What the task requires: For this exercise, write out every entry exactly and leave the pictures out.

(Data shown begins)

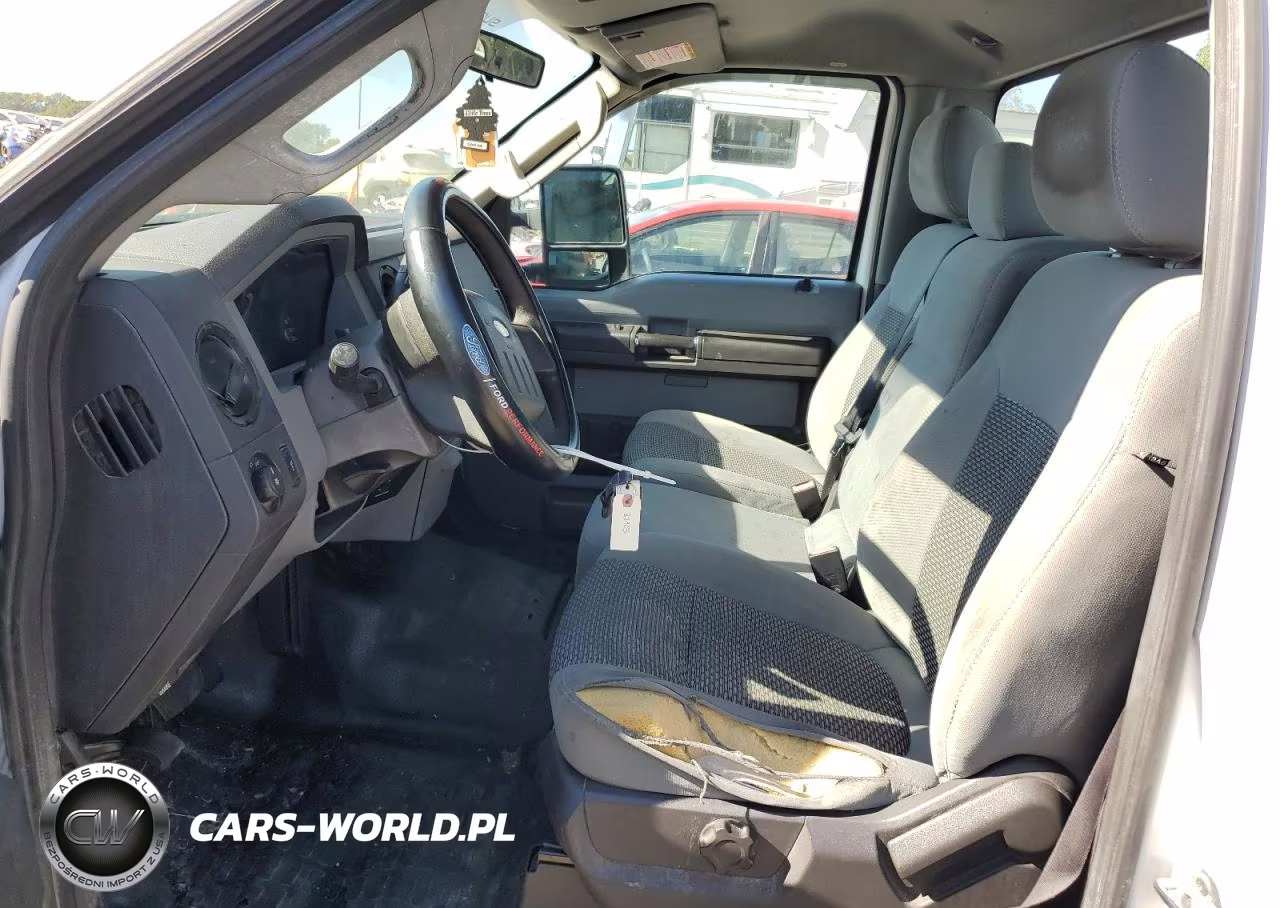 2011 Ford F250 Super Duty VIN:1FTBF2A60BEA31213 - 7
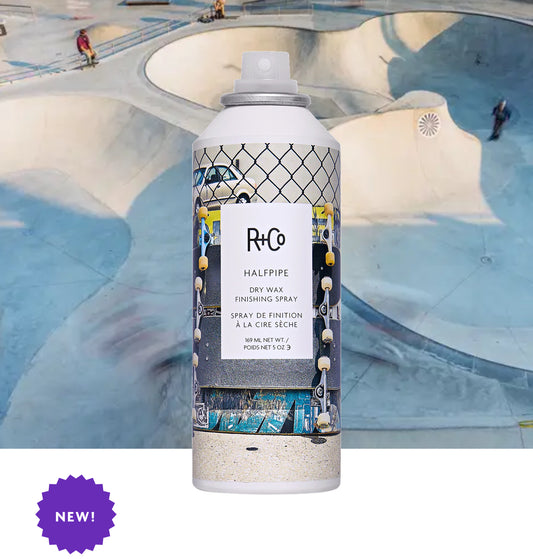 R+Co HALFPIPE dry wax finishing spray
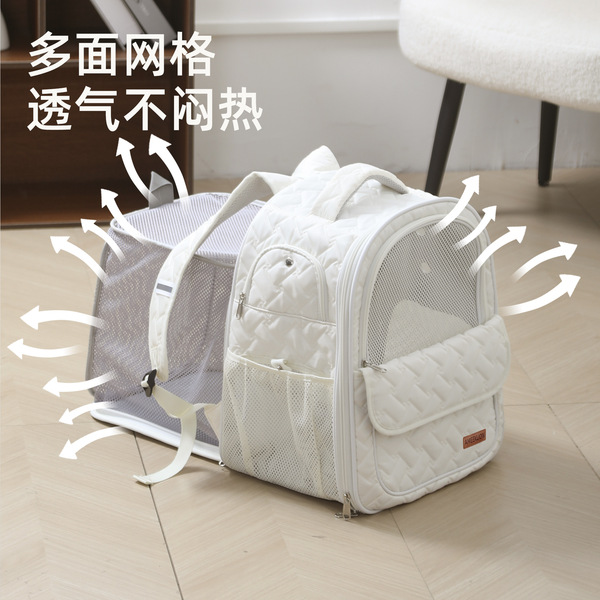Space handheld backpack to go out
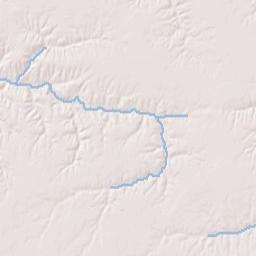 1851-1997 Aufdenkamp Road Chapin Terrain Map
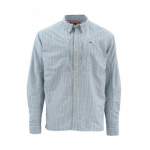 Рубашка Simms Bugstopper Shirt, Oxford Blue Plaid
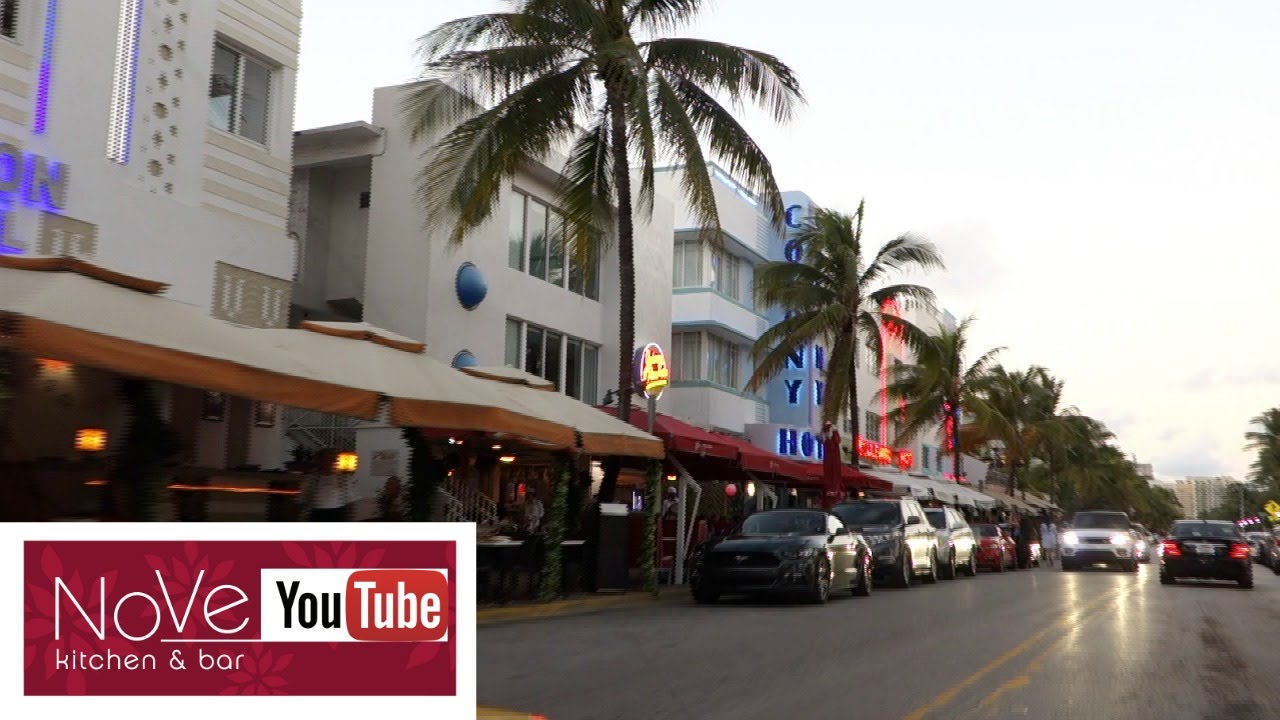 Hiro Cruising Miami And South Beach | Hiroyuki Terada - Diaries of a Master Sushi Chef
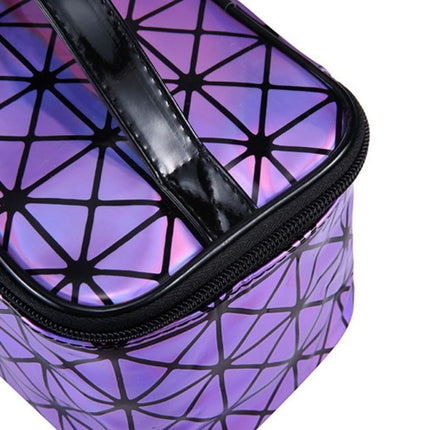 3D laser cosmetic bag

(Data shown ends)

Finished task:
 2011 Ford F250 Super Duty VIN:1FTBF2A60BEA31213 - 7
 R+Co HALFPIPE dry wax finishing spray
Space handheld backpack to go out
 1851-1997 Aufdenkamp Road Chapin Terrain Map
 Рубашка Simms Bugstopper Shirt, Oxford Blue Plaid
 Hiro Cruising Miami And South Beach | Hiroyuki Terada - Diaries of a Master Sushi Chef
 3D laser cosmetic bag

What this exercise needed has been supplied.